## Replacing missing values
By the end of this lecture you will be able to:
- replace missing values with a constant
- replace missing values with a strategy

In [1]:
import polars as pl

In [2]:
data = {
    "Name": ["Alice", "Bob", "Bob", "Bob", "Alice"],
    "Age": [25, None, 30, None, None],
    "Score": [85.0, 90.5, None, 88.0, 92.0]
}

In [3]:
df = pl.DataFrame(data)

In [4]:
df

Name,Age,Score
str,i64,f64
"""Alice""",25.0,85.0
"""Bob""",,90.5
"""Bob""",30.0,
"""Bob""",,88.0
"""Alice""",,92.0


## Replace missing values with a constant
We replace missing values in an expression using `fill_null`

In [5]:
df_filled = df.with_columns([
    pl.col("Name").fill_null("Unknown"),
    pl.col("Age").fill_null(0),
    pl.col("Score").fill_null(1)
])

In [6]:
df_filled

Name,Age,Score
str,i64,f64
"""Alice""",25,85.0
"""Bob""",0,90.5
"""Bob""",30,1.0
"""Bob""",0,88.0
"""Alice""",0,92.0


In this case `fill_null` has `cast` the columns from integer to string dtype!



## Replace missing values with a strategy
We can also replace missing values with a stragegy including:
- forward: replace with the previous non-`null` value
- backward: replace with the next non-`null` value
- min: replace with the smallest value in the `Series`
- max: replace with the largest value in the `Series`
- mean: replace with the mean value in the `Series`

### Forward strategy
In the forward strategy the missing values are replaced with the previous non-`null` values

### Orignal Data frame

In [7]:
df

Name,Age,Score
str,i64,f64
"""Alice""",25.0,85.0
"""Bob""",,90.5
"""Bob""",30.0,
"""Bob""",,88.0
"""Alice""",,92.0


In [8]:
(
    df
    .with_columns(
        pl.col("Age").fill_null(strategy = "forward"),
        pl.col("Score").fill_null(strategy= "backward")
    )
)

Name,Age,Score
str,i64,f64
"""Alice""",25,85.0
"""Bob""",25,90.5
"""Bob""",30,88.0
"""Bob""",30,88.0
"""Alice""",30,92.0


We can set a limit on how many rows to fill-forward or backward with `limit`

### Orignal Data frame

In [9]:
df

Name,Age,Score
str,i64,f64
"""Alice""",25.0,85.0
"""Bob""",,90.5
"""Bob""",30.0,
"""Bob""",,88.0
"""Alice""",,92.0


In [10]:
(
    df
    .with_columns(
        pl.col("Age").fill_null(strategy="forward", limit=1)
    )
)

Name,Age,Score
str,i64,f64
"""Alice""",25.0,85.0
"""Bob""",25.0,90.5
"""Bob""",30.0,
"""Bob""",30.0,88.0
"""Alice""",,92.0


## Replacing missing values by group
In this example we have missing values in `Age` and we want to fill them with a fill-forward strategy. 

However, we want to fill forward with respect to the groups in the `Name` column.

We can do this using a *window expression* with `over`

In [11]:
(
    df
    .with_columns(
        pl.col("Age").fill_null(strategy='forward').over('Name')
        
    )
)

Name,Age,Score
str,i64,f64
"""Alice""",25.0,85.0
"""Bob""",,90.5
"""Bob""",30.0,
"""Bob""",30.0,88.0
"""Alice""",25.0,92.0


We see more of window expressions in the statistics and grouping Section.

### Interpolation
Polars provides the `interpolate` method on a Series object to fill missing values.

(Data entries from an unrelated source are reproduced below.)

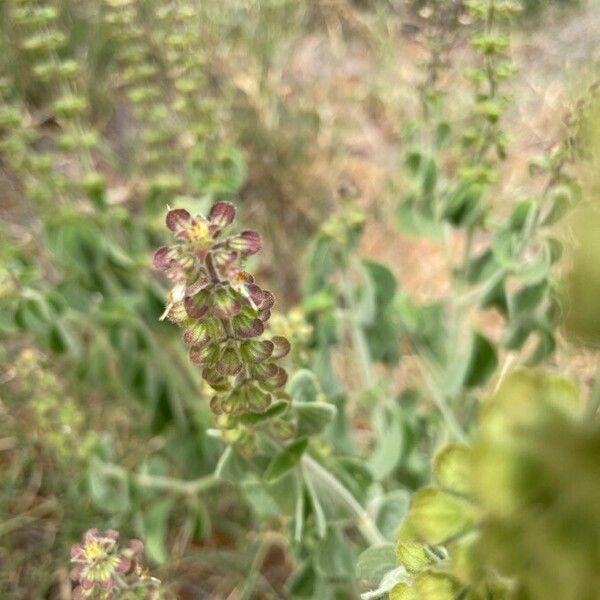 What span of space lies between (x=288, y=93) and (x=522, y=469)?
1892 millimetres

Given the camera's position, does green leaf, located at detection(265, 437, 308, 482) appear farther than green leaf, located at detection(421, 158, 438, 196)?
No

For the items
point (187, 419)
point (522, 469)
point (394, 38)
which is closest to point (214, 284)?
point (522, 469)

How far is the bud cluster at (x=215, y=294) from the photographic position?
21.0 inches

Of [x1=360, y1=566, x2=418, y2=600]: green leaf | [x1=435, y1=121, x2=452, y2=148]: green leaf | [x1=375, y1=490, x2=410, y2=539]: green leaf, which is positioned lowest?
[x1=375, y1=490, x2=410, y2=539]: green leaf

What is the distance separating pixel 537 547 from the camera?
25 cm

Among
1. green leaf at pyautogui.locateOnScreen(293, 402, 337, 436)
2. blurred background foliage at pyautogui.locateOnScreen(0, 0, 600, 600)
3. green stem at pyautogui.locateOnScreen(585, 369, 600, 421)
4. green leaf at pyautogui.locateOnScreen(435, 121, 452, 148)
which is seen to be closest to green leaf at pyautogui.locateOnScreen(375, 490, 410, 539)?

The `interpolation` works based on linear `interpolation`, which computes the missing values as points on a straight line between existing (non-missing) values.

In [13]:
(
    df
    .with_columns(
        pl.col("Age").interpolate()
    )
)

Name,Age,Score
str,f64,f64
"""Alice""",25.0,85.0
"""Bob""",27.5,90.5
"""Bob""",30.0,
"""Bob""",,88.0
"""Alice""",,92.0